How old will you be in 16 years? Will you have children? How old will they be?
When I was growing up, I heard about global warming, but thought it was a hoax touted by celebrities. But this year as I wore a jacket in June in St. Louis and my entire row of lettuce hasn’t grown enough to create a single side salad, the reality of the shifting global weather crisis is much more of a reality than a far-off idea.
Climate Change Research
Thanks to websites like NASA and educators like Bill Nye The Science Guy, research is all around us, allowing us to understand the severity of the situation, which is made consistently worse by the pollution caused by single-use plastics.
With all these educational opportunities all around us, it brings me literal physical pain to see people wasting plastic resources – especially over and over again. Climate change is happening because of a cumulative effect of millions of people making absent-minded decisions over and over and over again, which create ripples through our agriculture and animal life. Baby sea turtles are dying rapidly because they are eating plastic. Fish that feed on algae are unable to find it because there is too much plastic floating on the surface, so algae can’t grow. Whales and sharks are found dead with bellies full of trash. Plastic disrupts the animal food chain at its very base, but attacks at all levels without hesitation.

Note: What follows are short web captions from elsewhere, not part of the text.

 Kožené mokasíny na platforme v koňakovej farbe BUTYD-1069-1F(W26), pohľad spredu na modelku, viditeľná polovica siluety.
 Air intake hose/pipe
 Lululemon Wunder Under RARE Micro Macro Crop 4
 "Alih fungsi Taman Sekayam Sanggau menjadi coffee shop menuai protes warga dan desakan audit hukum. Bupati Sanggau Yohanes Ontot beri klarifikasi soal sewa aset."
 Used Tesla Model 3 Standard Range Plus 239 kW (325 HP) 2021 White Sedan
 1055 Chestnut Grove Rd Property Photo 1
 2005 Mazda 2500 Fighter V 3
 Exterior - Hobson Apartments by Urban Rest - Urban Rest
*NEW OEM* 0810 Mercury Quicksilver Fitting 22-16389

So, how can you make a difference in your home? Switching up your patterns for living may seem a bit daunting at first, but I guarantee that once you see not only the benefit to the environment, but also the savings in your wallet, you will be hooked on the plastic-free lifestyle.
5 Easy Ways to Participate in Plastic Free July
1. Stop Buying Ziploc Bags
Plastic bags are one of the worst offenders for ocean pollution. They take several hundreds of years to break down, and we use them once. Once. Is it because we never stopped to think about the impact of our decisions on the environment? Or, like the person I overheard, we don’t think it will effect our particular life, so it doesn’t matter?
Individual use plastic bags are newer to the scene if you really think about it. The brand Ziploc was first introduced in 1968. So for millennia prior, humans have used other things to carry their snack items, prep meals ahead of time, and store miscellaneous trinkets we can’t bear to get rid of just yet.
Instead of ziploc bags, try these options instead:
or go old school and use actual leftover containers – freezer/dishwasher/oven safe
2. Say NO! to Plastic Grocery Bags
Did you know that you can’t throw your grocery bags into the regular recycling containers? They get caught up in the machinery and are actually a hazard. Some grocery stores have donation boxes where, if you have your life together, you drop off your used grocery bags on the way into the store for your next trip.
I am not one of those people, and so I have made my life simpler by using reusable grocery bags.
If you shop at Aldi, you are familiar with this concept, as they charge for both plastic and paper bags, with the hopes that you will reuse them again. This is more my style.
But what is really my style, is this epic invention right here: The Grocery Cart Bags.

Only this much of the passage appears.